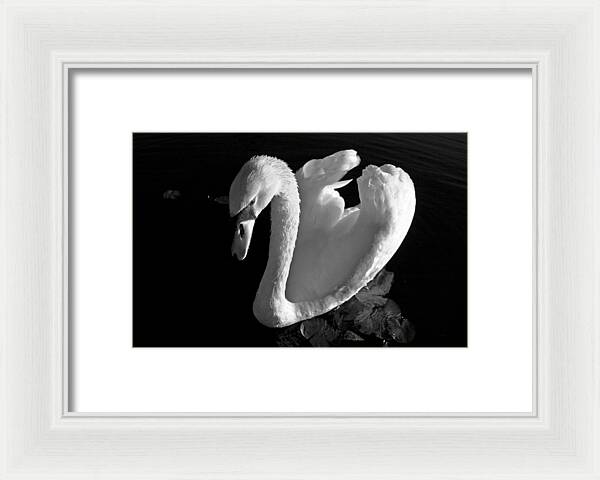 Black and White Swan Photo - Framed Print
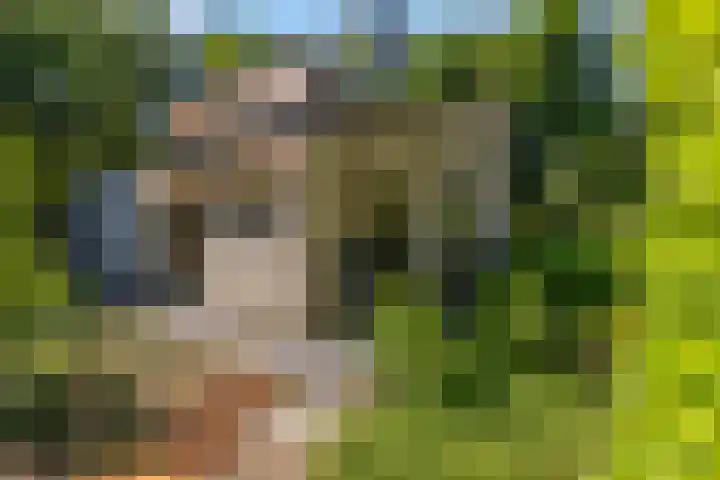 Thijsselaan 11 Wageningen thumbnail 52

--

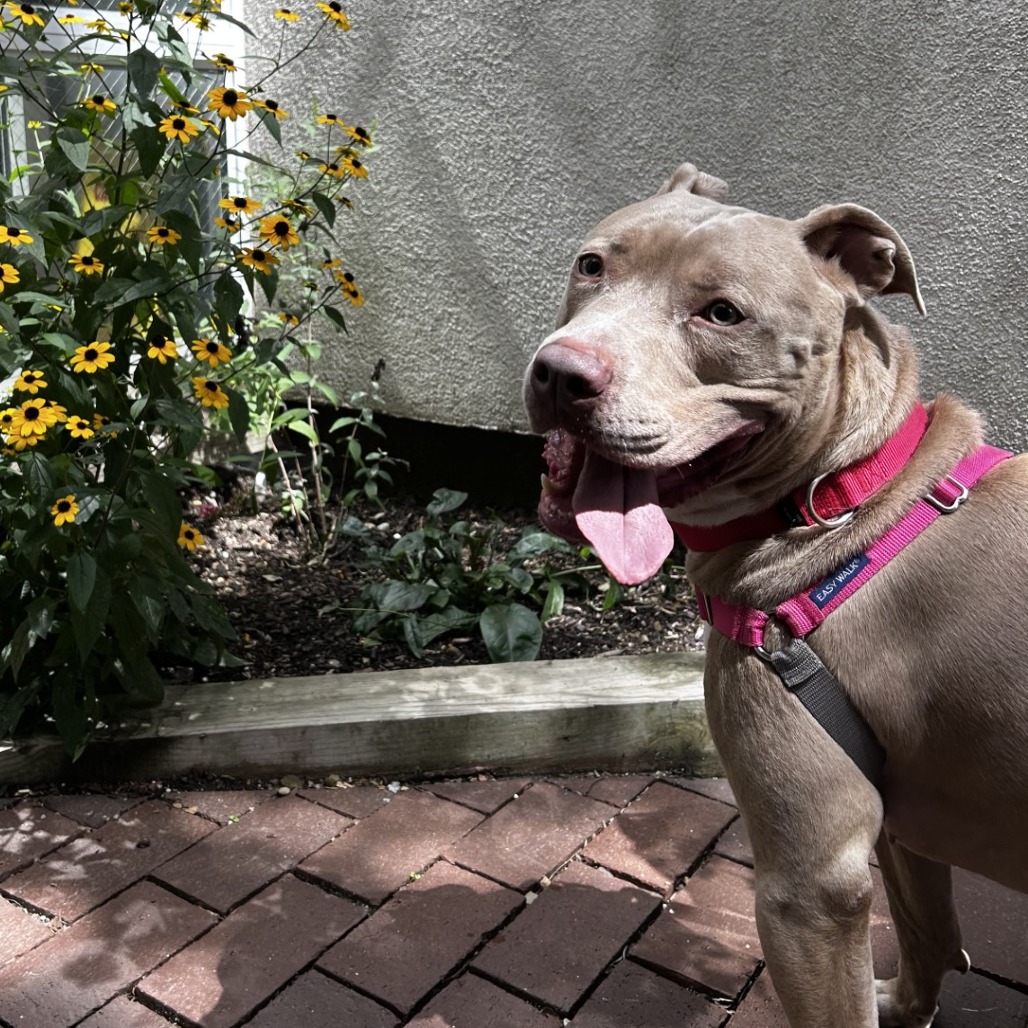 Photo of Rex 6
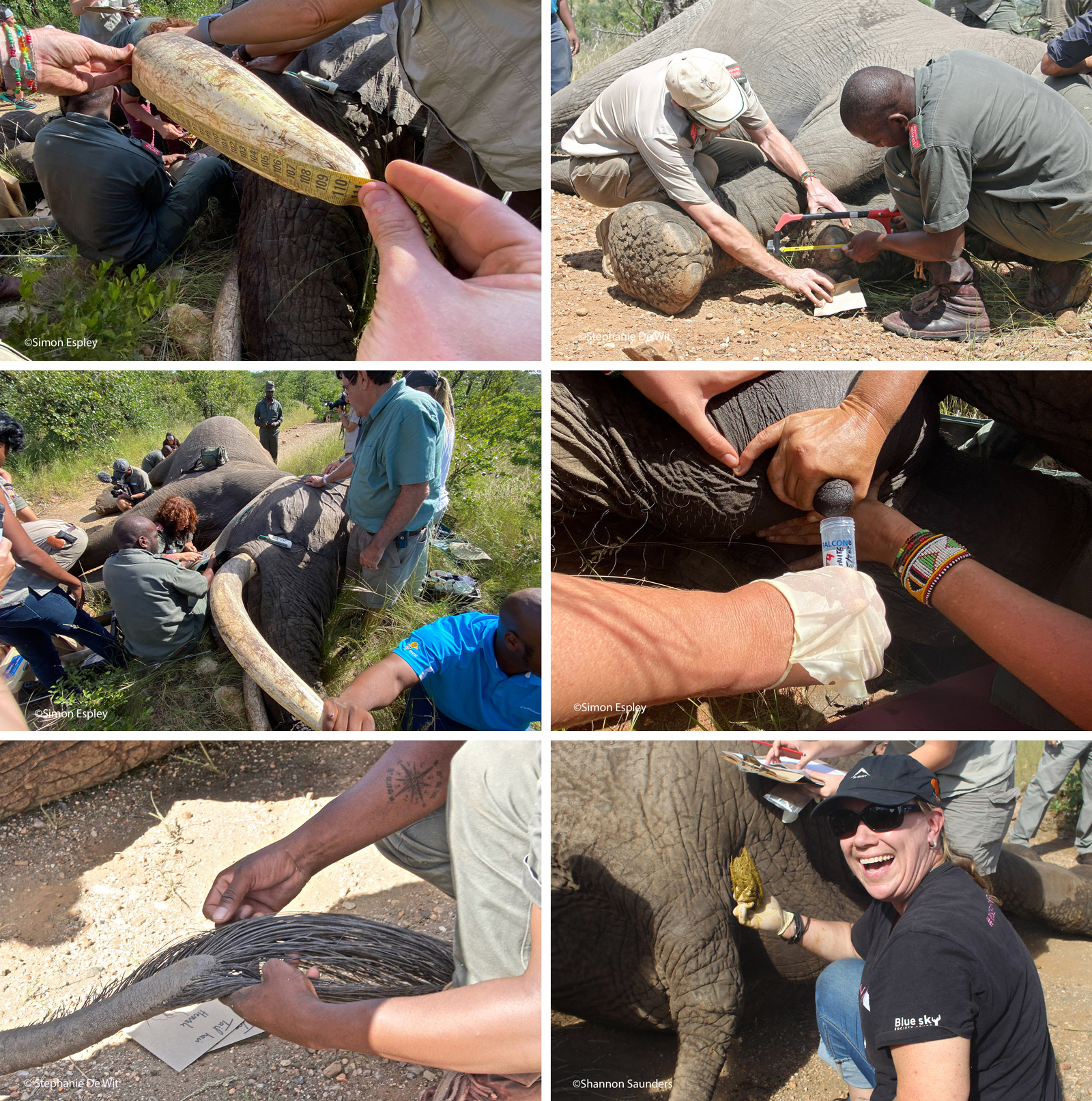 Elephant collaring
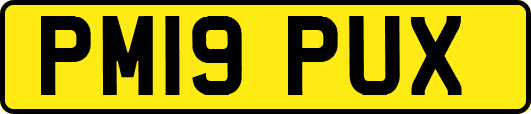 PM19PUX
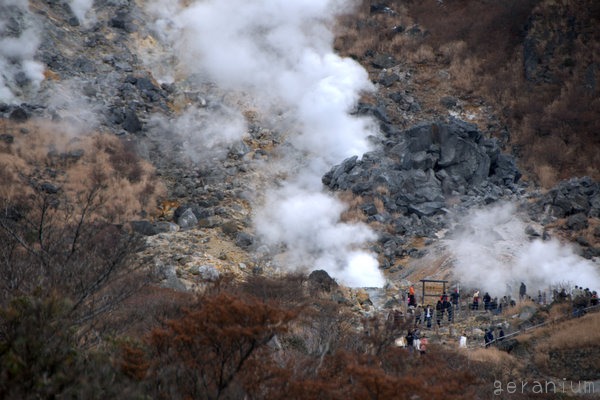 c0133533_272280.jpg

- [Exercise]: Only one part of the material above is wanted: the lines from the one with "Photo of Rex 6" up to and including the one with "c0133533_272280.jpg". Please copy them exactly, pictures left out.

- [Finished task]:
 Photo of Rex 6
 Elephant collaring
 PM19PUX
 c0133533_272280.jpg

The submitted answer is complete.